● **WORK REQUIRED**: Would you write out every entry exactly, but without the pictures?

● **TASK INPUTS**:
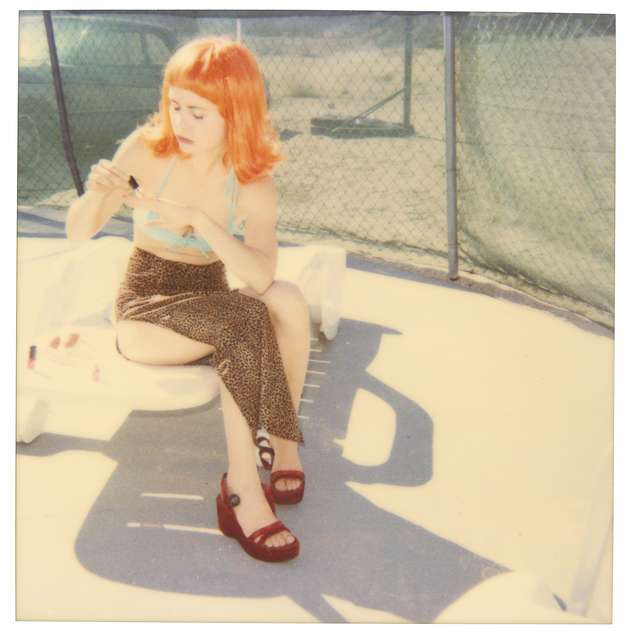 Stefanie Schneider, ‘Radha doing her Nails II’, 1999, Photography, Digital C-Print based on a Polaroid, not mounted, Instantdreams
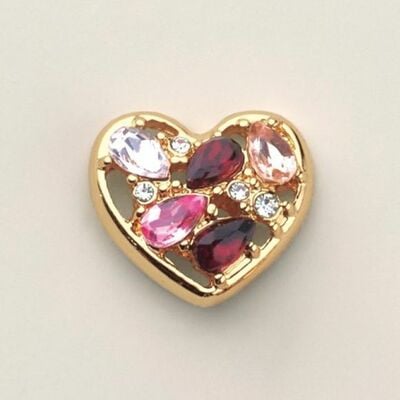 Heart mosaic earrings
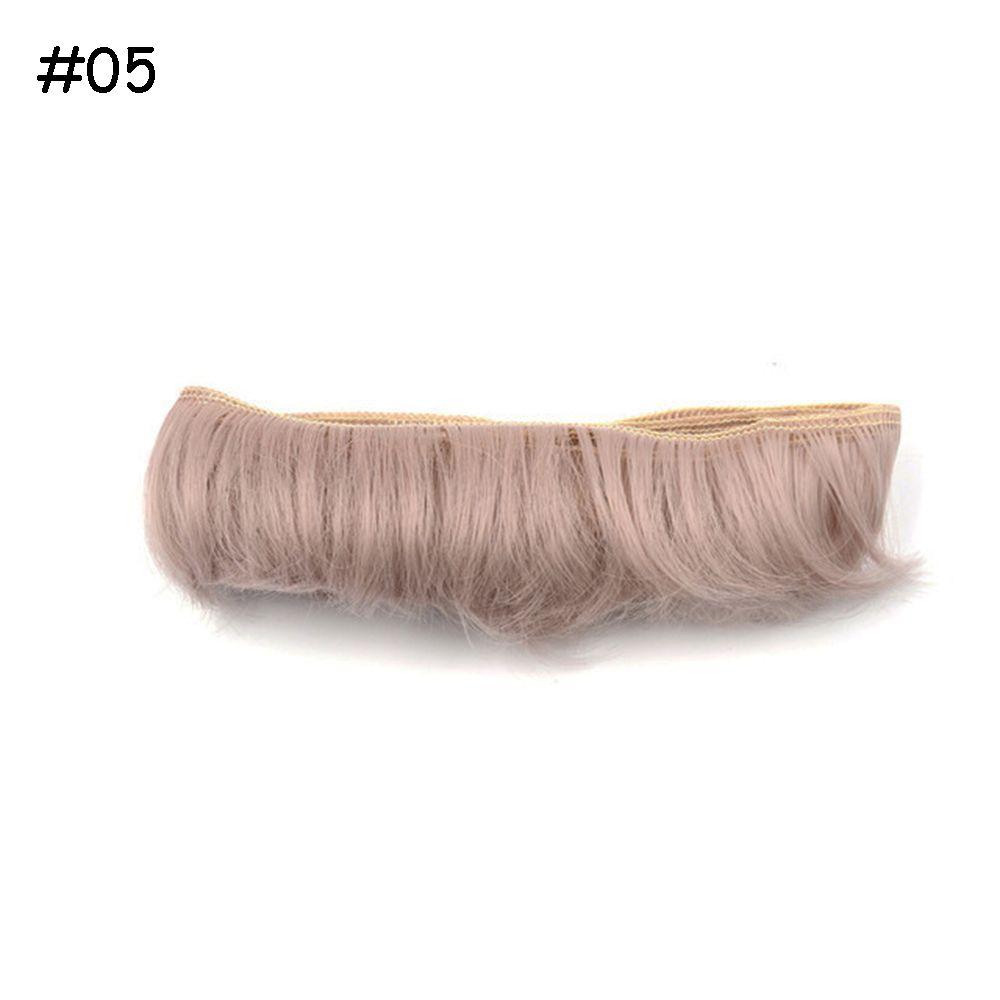 5CM Kids Gifts Accessories 1/6 1/4 1/3 Short Curly Wigs Toy Toupee Doll Fringe Hair Mini Tresses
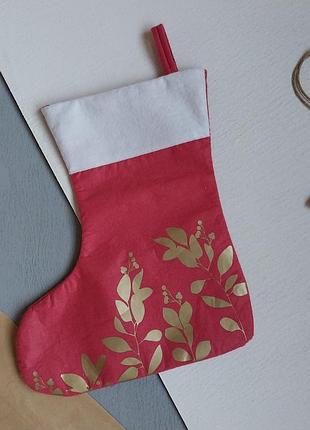 Шкарпетка новорічна 30*35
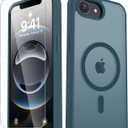 iPhone 17e Case, iPhone 16e Case, Matte Magnetic Phone Cover [with 1 Screen Protector] [Support for MagSafe] [Shockproof Military Grade Protection] Translucent Frosted Back, Lavender Gray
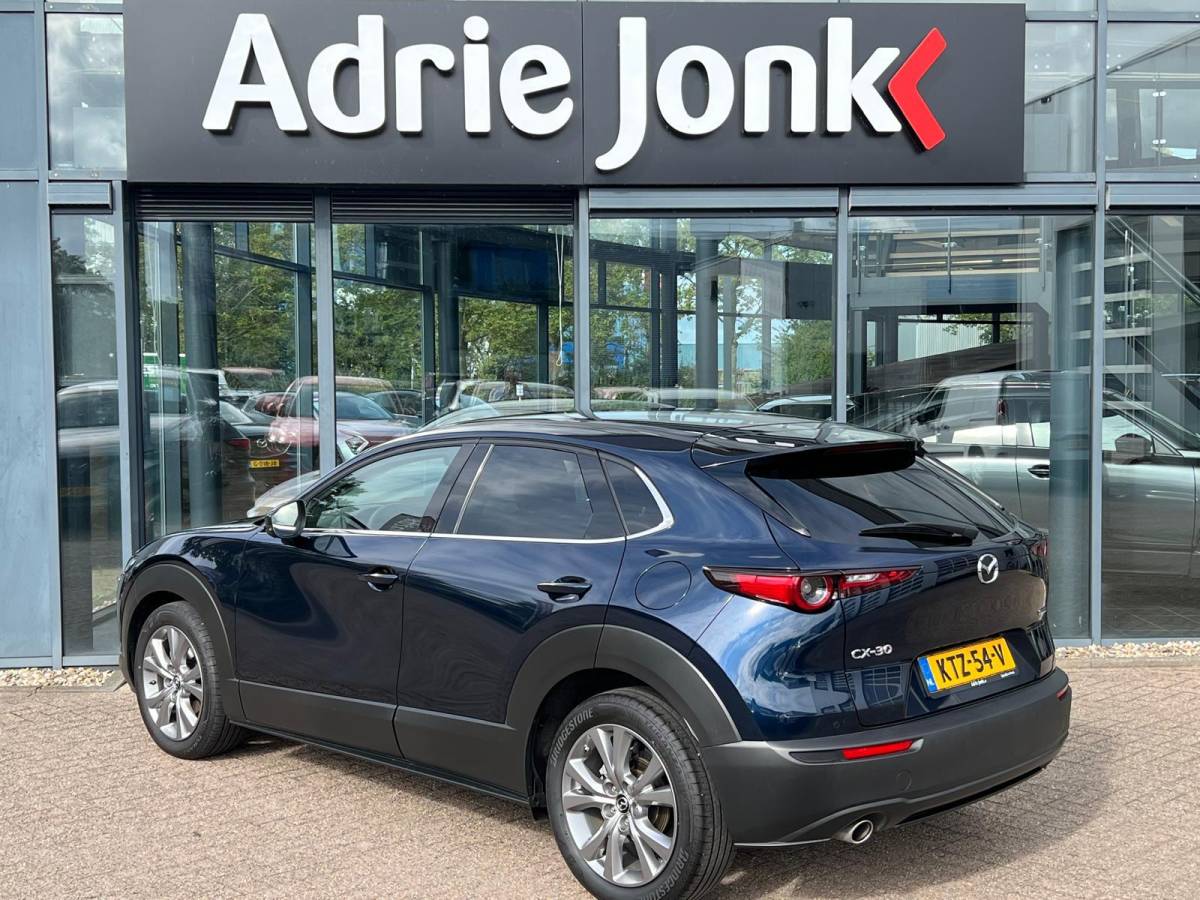 Mazda CX-30 Mazda CX-30 2.5 e-SkyActiv-G M Hybrid Takumi AUTOMAAT | LEDER | 360gr CAMERA | Bose AUDIO | MEEST LUXE UITVOERING | * 6JR GARANTIE |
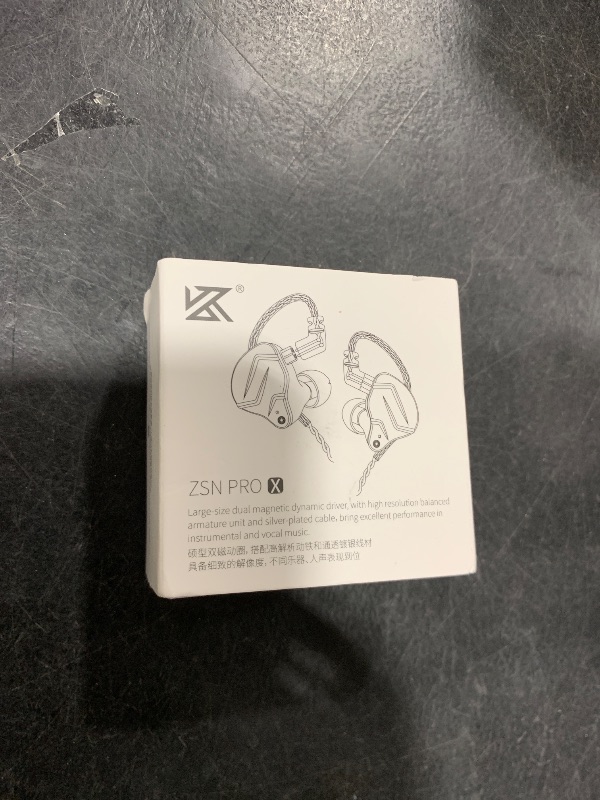 Photo 1 of Linsoul KZ ZSN PRO X Dual Driver 1BA+1DD Hybrid Metal Earphones HiFi in-Ear Monitor with Detachable Recessed 2Pin Cable,Zinc Alloy Panel (Without Mic, Grey)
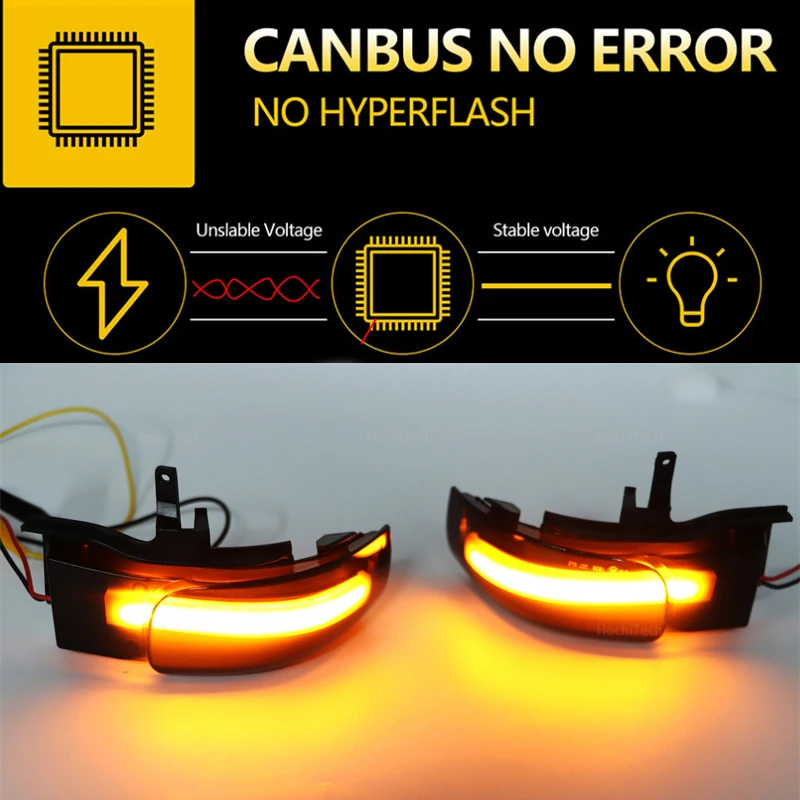 Para VW Volkswagen Touran 2003 2004 2005 2006 2007 2008 2009 2010 luz LED de intermitente dinámica espejo lateral intermitente secuencial.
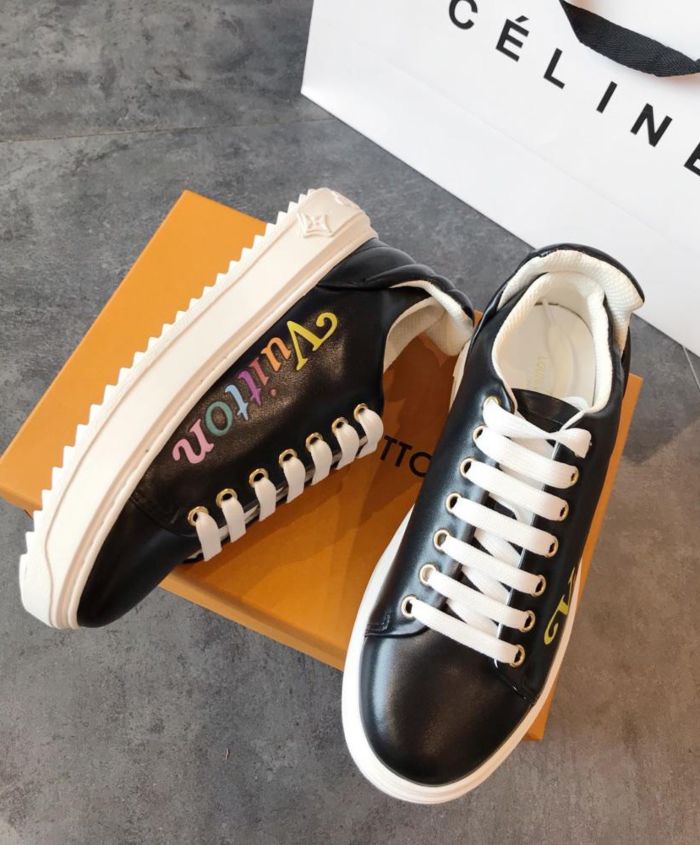 lv time out sneaker black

● **TASK SOLUTION**:
 Stefanie Schneider, ‘Radha doing her Nails II’, 1999, Photography, Digital C-Print based on a Polaroid, not mounted, Instantdreams
 Heart mosaic earrings
 5CM Kids Gifts Accessories 1/6 1/4 1/3 Short Curly Wigs Toy Toupee Doll Fringe Hair Mini Tresses
 Шкарпетка новорічна 30*35
 iPhone 17e Case, iPhone 16e Case, Matte Magnetic Phone Cover [with 1 Screen Protector] [Support for MagSafe] [Shockproof Military Grade Protection] Translucent Frosted Back, Lavender Gray
 Mazda CX-30 Mazda CX-30 2.5 e-SkyActiv-G M Hybrid Takumi AUTOMAAT | LEDER | 360gr CAMERA | Bose AUDIO | MEEST LUXE UITVOERING | * 6JR GARANTIE |
 Photo 1 of Linsoul KZ ZSN PRO X Dual Driver 1BA+1DD Hybrid Metal Earphones HiFi in-Ear Monitor with Detachable Recessed 2Pin Cable,Zinc Alloy Panel (Without Mic, Grey)
 Para VW Volkswagen Touran 2003 2004 2005 2006 2007 2008 2009 2010 luz LED de intermitente dinámica espejo lateral intermitente secuencial.
 lv time out sneaker black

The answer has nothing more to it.